LM_Fall2024_CHEM1151_Topic_11 - Metallic Bonding and Band Theory
Bonding in Metals and Band Theory
Introduction to Metals
Periodic Structures: Metals form structures similar to ionic crystals with identical atoms.
Key Properties:
Plasticity: Ability to be deformed without breaking.
Electrical Conductivity: Metals conduct electricity well due to free-moving electrons.
Thermal Conductivity: Efficient heat transfer through mobile electrons.
Luster: Reflective qualities caused by delocalized electrons that absorb and re-emit light.
Metallic Bonding: Atoms in metals are held together by metallic bonding, where electrons are shared among all atoms.
Electron Sea Model
Electron Behavior: Metals have low electronegativity (EN), allowing valence electrons to be shared rather than localized.
Structure: Fixed positive ions surrounded by a "sea" of delocalized electrons.
Macroscopic Properties: Explains various physical characteristics of metals such as malleability, ductility, and thermal/electrical conductivity.
Thermal Conduction
Mechanism: As heat energy increases, electrons gain kinetic energy, colliding with other electrons, thus transferring energy and raising temperature.
Electrical Conductivity
Directionality of Electrons: A chaotic electron motion becomes organized by an electric field, allowing for efficient conduction of electricity.
Metal Plasticity
Comparison with Ionic Compounds: Unlike ionic compounds that are hard and brittle, metals are malleable (can be flattened) and ductile (can be drawn into wires).
Mechanism: The presence of delocalized electrons allows cations to shift position smoothly under applied force without fracturing.
Reflectivity and Luster of Metals
Photon Absorption: Electrons absorb photons and get excited, later re-emitting them as they return to a lower energy state.
Shininess: This interaction with visible light gives metals their characteristic shiny appearance.
Molecular Orbital Theory
Basis of Theory: A more comprehensive explanation of molecular properties compared to valence bond theory.

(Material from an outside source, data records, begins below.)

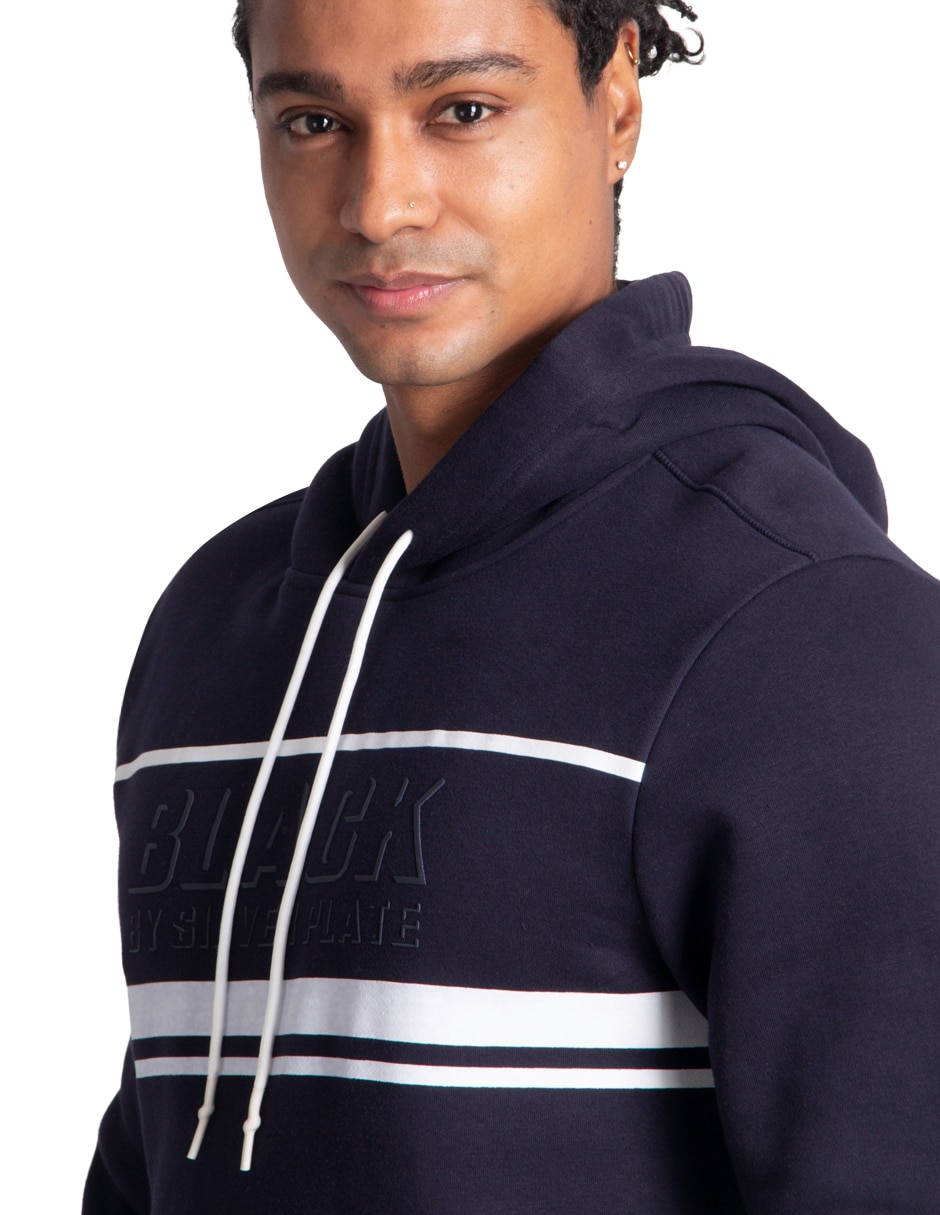 Set sudadera/sudadera para hombre 2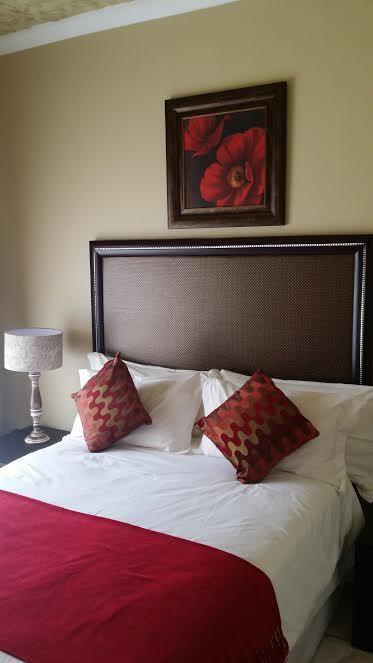 La Picasso Guesthouse Ermelo Esterno foto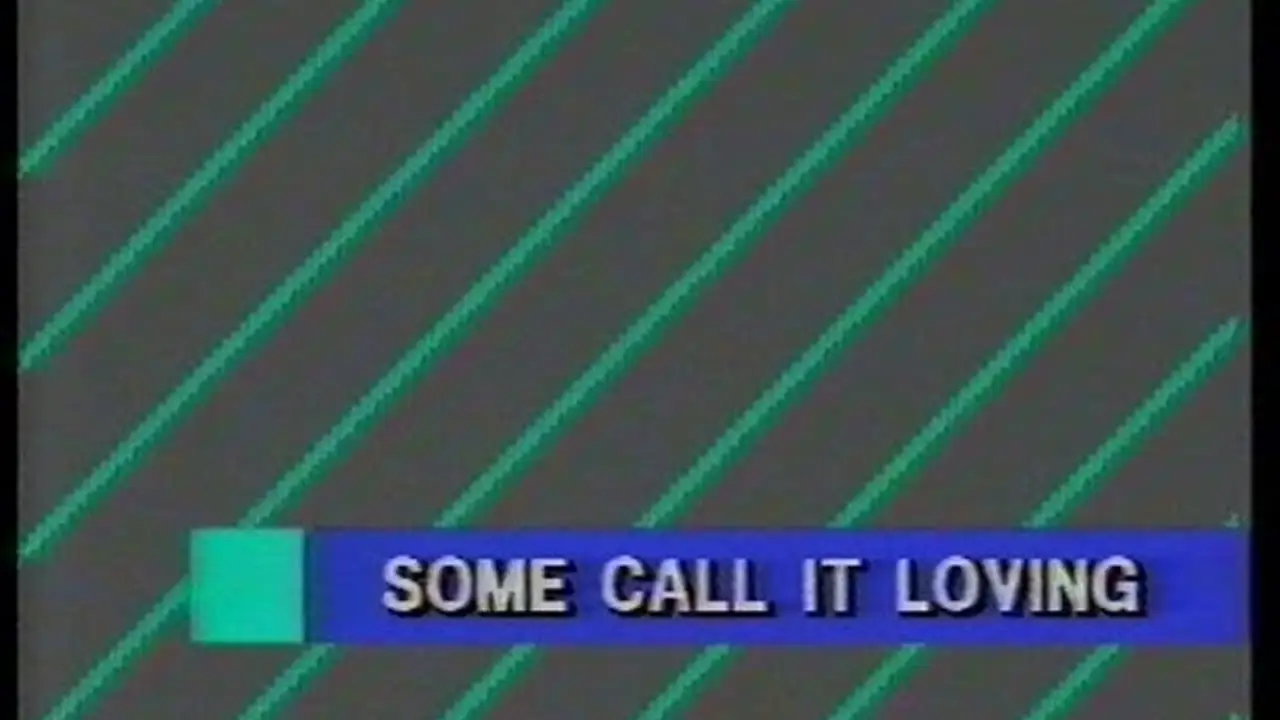 Some Call It Loving — trailer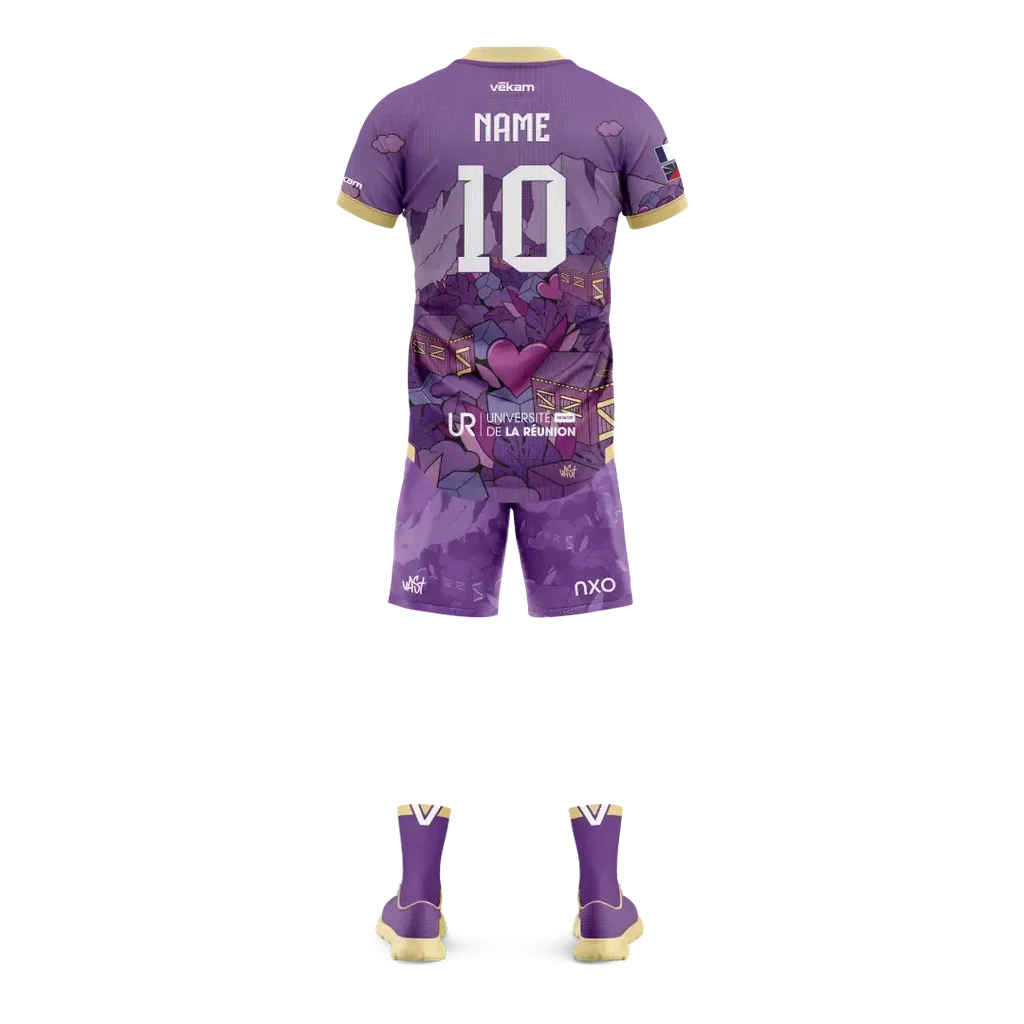 VAST Futsal Game Kit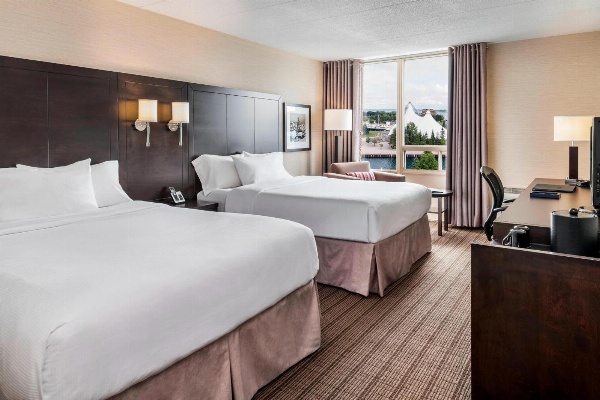 Delta Hotels by Marriott Sault Ste. Marie Waterfront image 2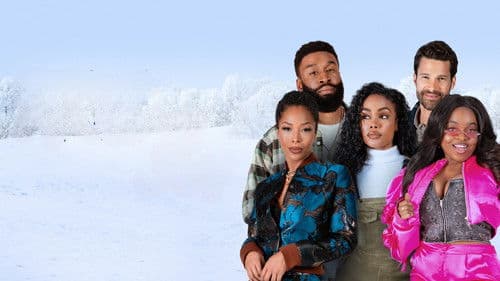 Tyler Perry's Finding Joy - Gerettet ins Glück Bild 4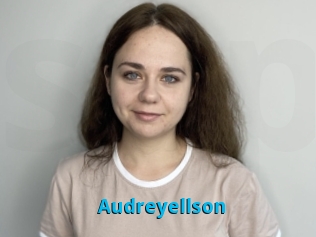 Audreyellson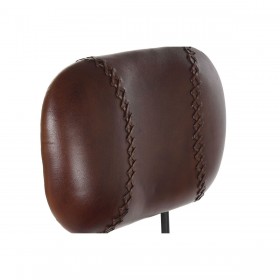 Sgabello DKD Home Decor Metallo (Ricondizionati A)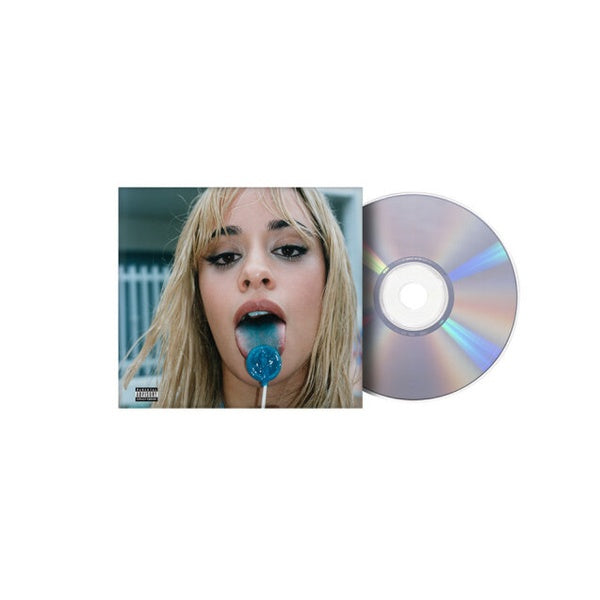 C, XOXO - Front Cover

Formation: Molecular orbitals (MOs) result from the combination of atomic orbitals (AOs).
Orbitals per Atom: The number of MOs equals the number of AOs combined.
Phase of Atomic Orbitals: The sign of the wavefunction indicates atomic orbital phases, essential for bonding.
Bonding Orbitals: Formed from orbitals with the same phase (constructive interference).
Antibonding Orbitals: Formed from orbitals with opposite phases (destructive interference), designated with an asterisk (*).
Orbital Combinations
σ and π Orbitals: Define electron density distribution.
σ Orbitals: Cylindrical electron density between nuclei, with no nodal planes.
π Orbitals: Electron density above and below a nodal plane containing the nuclei.
Molecular Orbital Diagrams: Represent the combination of AOs to form MOs, illustrating electrons' arrangement.
Azimuthal Quantum Numbers and Bond Order
Bond Order Calculation: Defined as Bond Order = (Number of Bonding Electrons - Number of Antibonding Electrons) / 2.
Stability Indicator: A bond order greater than zero indicates stability.
Example of H2 Molecule: Bond order of 1 signifies a stable single bond.
Conductivity in Solids
Insulators vs. Conductors
Band Theory:
Band Gap: The energy separation between the conduction band and valence band.
Insulators have large band gaps (typically >3.5 eV).
Conductors: Metals have overlapping valence and conduction bands, allowing free electron movement.
Semiconductors
Band Gap: Semiconductors possess a small band gap, allowing some electrons to be thermally excited into the conduction band.
Types of Semiconductors:
Elemental Semiconductors (e.g., Si, Ge): Contain single type atoms.
Compound Semiconductors (e.g., GaAs): Formed from two or more types of atoms.
Doping Semiconductors
Intrinsic vs. Extrinsic:
Intrinsic: Pure form of semiconductor without impurities.
Extrinsic: Doped semiconductors that have modified conductivity.
Doping Process:
N-type Semiconductors: Introduced with extra valence electrons (e.g., Si doped with P).
P-type Semiconductors: Created by introducing atoms with fewer valence electrons (e.g., Si doped with Ga).
Significance: A single dopant can vastly improve conductivity (up to 100,000 times).